**EXCERPTED DATA:**
--*--
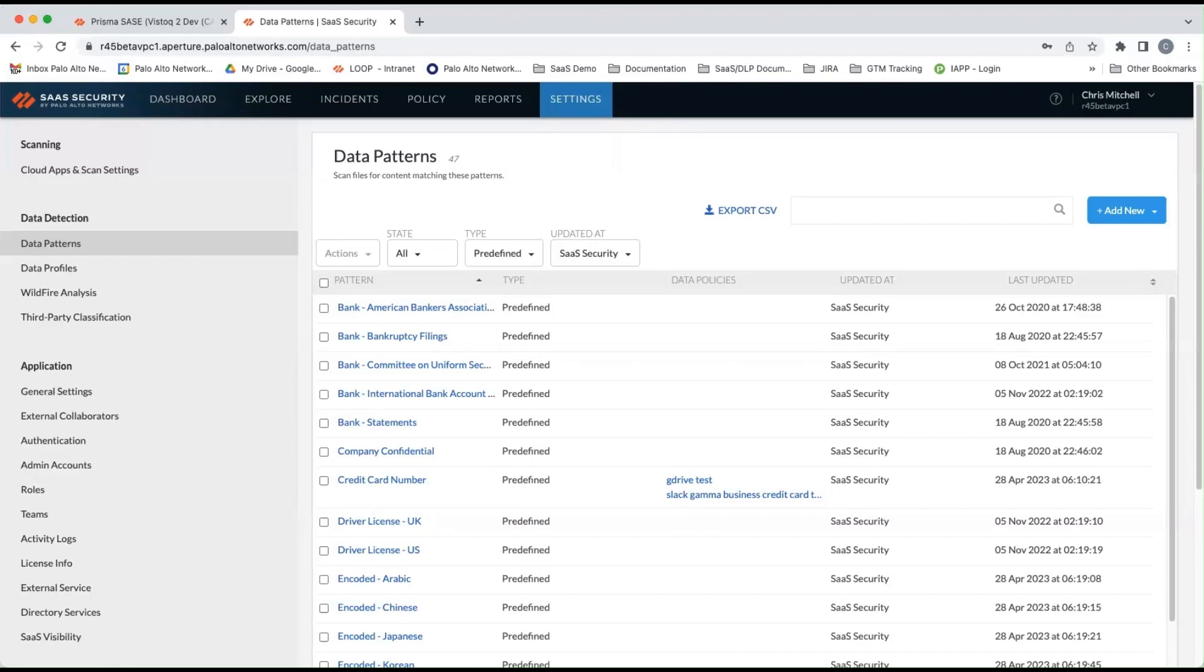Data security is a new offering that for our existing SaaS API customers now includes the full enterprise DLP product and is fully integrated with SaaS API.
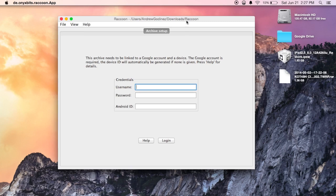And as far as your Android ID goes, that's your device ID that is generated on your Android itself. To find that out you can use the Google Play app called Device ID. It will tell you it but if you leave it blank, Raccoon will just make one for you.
--*--
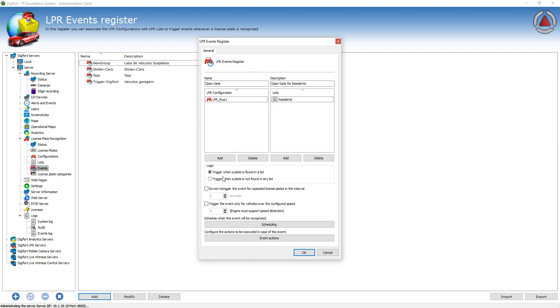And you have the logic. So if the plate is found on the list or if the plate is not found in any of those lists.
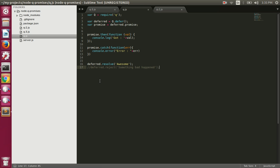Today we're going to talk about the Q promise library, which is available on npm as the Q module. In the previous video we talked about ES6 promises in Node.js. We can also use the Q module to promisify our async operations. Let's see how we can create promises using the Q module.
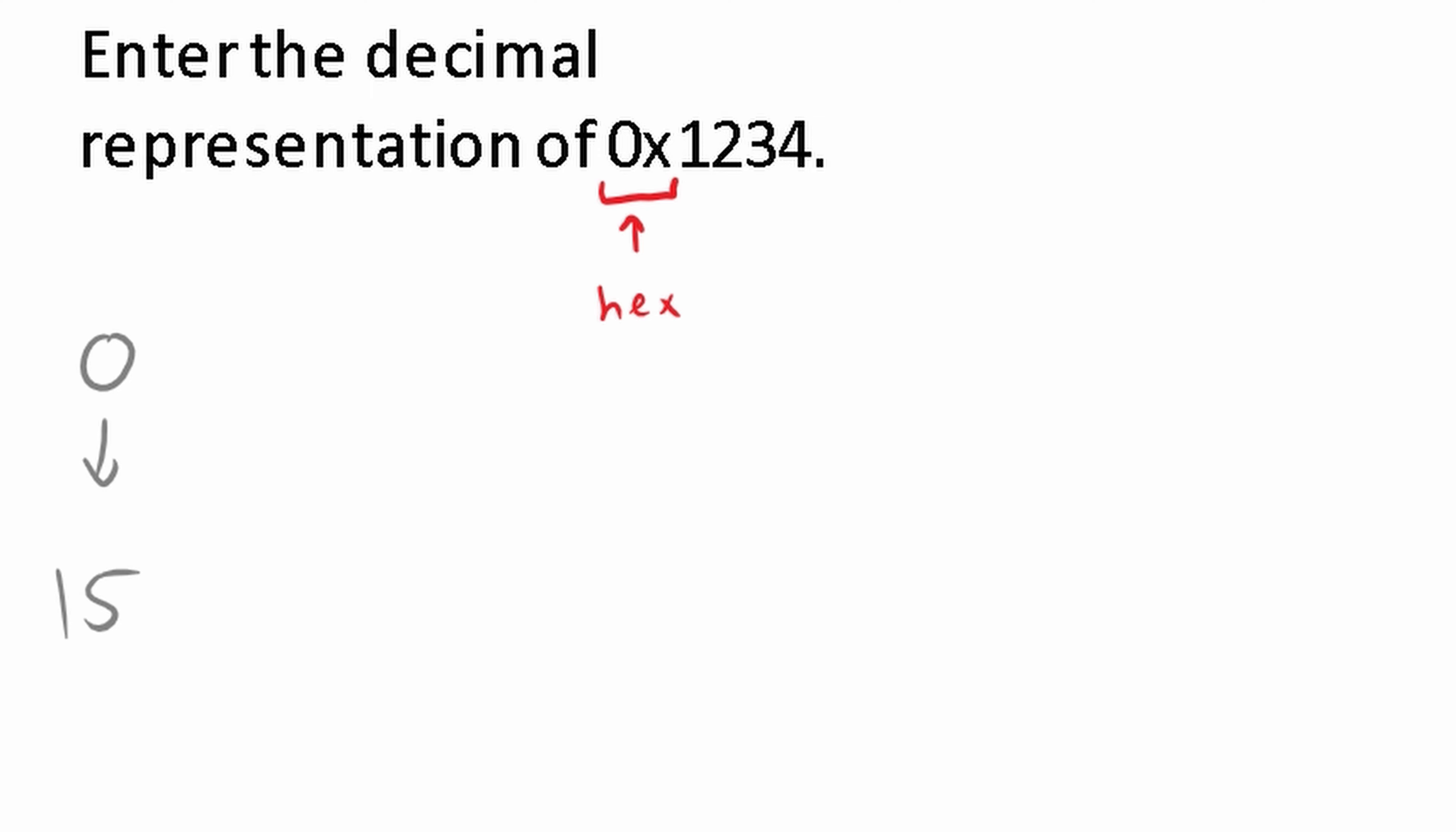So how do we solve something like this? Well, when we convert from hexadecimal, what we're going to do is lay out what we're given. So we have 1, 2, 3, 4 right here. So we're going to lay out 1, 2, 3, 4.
--*--
**WHAT TO PRODUCE:** Above are records; write out the lines from the one with "Data security is" down to the one with "And as far as", exactly, leaving the pictures out.

**REPLY:**
Data security is a new offering that for our existing SaaS API customers now includes the full enterprise DLP product and is fully integrated with SaaS API.
And as far as your Android ID goes, that's your device ID that is generated on your Android itself. To find that out you can use the Google Play app called Device ID. It will tell you it but if you leave it blank, Raccoon will just make one for you.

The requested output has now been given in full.